7. Scientific Progress
In the last 40 years, the overall survival rate for children’s cancer has increased from 10% to nearly 90% today. The survival rate for rare cancers is still far lower, and much more research is needed.
6. Sounds Terrible
Guam’s jungles have as many as 40 times the amount of spiders as nearby islands due to a lack of forest birds. The decline in bird population is attributed to the accidental introduction of the brown tree snake in 1940.
5. Blaming Himself
Bob Ebeling, one of the main engineers behind NASA’s Challenger rocket, revealed that after NASA would not heed his warnings against launching in the cold weather, he told his wife the night before the launch, “It’s going to blow up.” The next day, on January 28, 1986, the Challenger exploded shortly after takeoff, instantly killing the seven astronauts aboard.
4. Feels So Good
The brain releases so much dopamine during orgasms that brain scans can resemble those of someone on heroin.
3. Misguided Theories
Before the theory that birds migrated during winter, the question of where exactly birds disappeared to was a contentious one.
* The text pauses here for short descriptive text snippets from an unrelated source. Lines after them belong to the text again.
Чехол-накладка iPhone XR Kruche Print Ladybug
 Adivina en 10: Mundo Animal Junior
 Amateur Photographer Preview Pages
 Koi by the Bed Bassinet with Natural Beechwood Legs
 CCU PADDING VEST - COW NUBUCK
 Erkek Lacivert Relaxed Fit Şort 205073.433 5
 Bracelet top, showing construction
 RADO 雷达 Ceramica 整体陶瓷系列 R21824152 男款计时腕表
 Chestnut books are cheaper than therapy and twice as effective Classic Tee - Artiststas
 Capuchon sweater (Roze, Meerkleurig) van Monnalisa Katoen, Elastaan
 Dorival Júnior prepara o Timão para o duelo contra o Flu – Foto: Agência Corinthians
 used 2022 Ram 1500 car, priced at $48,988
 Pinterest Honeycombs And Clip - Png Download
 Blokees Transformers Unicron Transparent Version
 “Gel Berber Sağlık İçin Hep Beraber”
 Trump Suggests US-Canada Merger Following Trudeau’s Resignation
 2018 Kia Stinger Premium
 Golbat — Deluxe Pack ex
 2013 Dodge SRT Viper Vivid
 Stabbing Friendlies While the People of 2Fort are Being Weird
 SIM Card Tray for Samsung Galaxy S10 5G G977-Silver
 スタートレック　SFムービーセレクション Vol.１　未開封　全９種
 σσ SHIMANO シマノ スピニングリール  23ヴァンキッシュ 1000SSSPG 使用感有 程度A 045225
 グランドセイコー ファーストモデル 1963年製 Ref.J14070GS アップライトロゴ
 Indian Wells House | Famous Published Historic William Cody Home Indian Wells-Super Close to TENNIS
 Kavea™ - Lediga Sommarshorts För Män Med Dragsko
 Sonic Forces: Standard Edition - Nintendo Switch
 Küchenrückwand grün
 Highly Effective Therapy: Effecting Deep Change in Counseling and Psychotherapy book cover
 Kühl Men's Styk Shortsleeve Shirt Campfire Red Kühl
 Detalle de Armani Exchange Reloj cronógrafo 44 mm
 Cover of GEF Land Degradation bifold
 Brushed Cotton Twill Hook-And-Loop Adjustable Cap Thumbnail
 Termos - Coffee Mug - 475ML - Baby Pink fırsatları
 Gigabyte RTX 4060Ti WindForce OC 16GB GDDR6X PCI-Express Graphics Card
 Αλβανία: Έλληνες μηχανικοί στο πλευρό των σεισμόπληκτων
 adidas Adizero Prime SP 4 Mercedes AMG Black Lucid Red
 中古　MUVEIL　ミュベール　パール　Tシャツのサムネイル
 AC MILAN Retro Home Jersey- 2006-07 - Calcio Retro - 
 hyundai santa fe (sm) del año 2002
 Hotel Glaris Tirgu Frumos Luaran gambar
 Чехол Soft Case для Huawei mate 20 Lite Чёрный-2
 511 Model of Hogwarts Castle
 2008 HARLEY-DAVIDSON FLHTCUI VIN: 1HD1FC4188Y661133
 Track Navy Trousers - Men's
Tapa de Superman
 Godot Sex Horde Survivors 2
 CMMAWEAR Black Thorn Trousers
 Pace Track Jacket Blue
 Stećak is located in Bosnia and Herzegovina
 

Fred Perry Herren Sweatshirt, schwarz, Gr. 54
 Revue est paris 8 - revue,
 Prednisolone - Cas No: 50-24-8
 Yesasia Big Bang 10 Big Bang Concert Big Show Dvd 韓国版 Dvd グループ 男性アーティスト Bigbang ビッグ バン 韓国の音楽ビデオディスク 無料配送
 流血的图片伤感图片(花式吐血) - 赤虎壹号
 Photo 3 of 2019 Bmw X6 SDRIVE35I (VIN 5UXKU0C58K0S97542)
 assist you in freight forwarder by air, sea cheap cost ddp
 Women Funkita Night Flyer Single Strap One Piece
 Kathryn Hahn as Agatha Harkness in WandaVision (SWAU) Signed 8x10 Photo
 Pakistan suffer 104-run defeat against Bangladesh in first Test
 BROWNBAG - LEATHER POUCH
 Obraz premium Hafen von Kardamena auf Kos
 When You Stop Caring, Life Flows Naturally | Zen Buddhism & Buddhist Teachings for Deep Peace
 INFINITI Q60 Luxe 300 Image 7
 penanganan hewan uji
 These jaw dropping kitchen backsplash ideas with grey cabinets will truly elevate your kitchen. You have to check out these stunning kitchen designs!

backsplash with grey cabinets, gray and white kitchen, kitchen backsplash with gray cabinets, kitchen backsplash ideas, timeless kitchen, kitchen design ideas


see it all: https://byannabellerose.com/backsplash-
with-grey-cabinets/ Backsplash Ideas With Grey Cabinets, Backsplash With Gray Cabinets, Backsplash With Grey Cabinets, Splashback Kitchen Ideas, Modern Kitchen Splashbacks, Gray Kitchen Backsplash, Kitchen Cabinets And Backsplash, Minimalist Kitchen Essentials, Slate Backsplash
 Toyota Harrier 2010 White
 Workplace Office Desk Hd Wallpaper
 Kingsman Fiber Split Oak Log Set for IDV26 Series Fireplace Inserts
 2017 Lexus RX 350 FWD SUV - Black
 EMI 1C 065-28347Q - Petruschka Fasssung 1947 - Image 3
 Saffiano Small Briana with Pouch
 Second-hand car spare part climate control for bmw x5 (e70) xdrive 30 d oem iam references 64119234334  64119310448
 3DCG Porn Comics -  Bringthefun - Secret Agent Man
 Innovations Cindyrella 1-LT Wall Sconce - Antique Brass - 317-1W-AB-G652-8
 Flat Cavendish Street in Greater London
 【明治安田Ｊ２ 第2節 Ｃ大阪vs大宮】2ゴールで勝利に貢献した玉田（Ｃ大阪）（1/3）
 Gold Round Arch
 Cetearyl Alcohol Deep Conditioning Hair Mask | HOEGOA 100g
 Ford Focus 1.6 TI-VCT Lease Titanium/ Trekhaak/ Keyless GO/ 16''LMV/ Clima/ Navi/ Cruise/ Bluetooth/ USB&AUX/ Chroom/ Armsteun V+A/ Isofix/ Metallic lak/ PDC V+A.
Naturalists posited that birds hibernated at the bottom of the ocean—or turned into mice during the winter.
2. Spontaneous Combustion
A solar plant in the Mojave Desert in California generates so much heat that it can incinerate birds in mid-flight. Between 1,000 and 28,000 birds are killed each year (depending on whether you ask the plant itself, or groups advocating for the birds).
1. Times Have Changed
In the early 1980s, the Vatican invited Stephen Hawking to a conference where he had an audience with the Pope. Pope John Paul II had trouble understanding Hawking and knelt down beside his wheelchair to hear him better, prompting one scientist to comment that “things certainly have changed since Galileo.”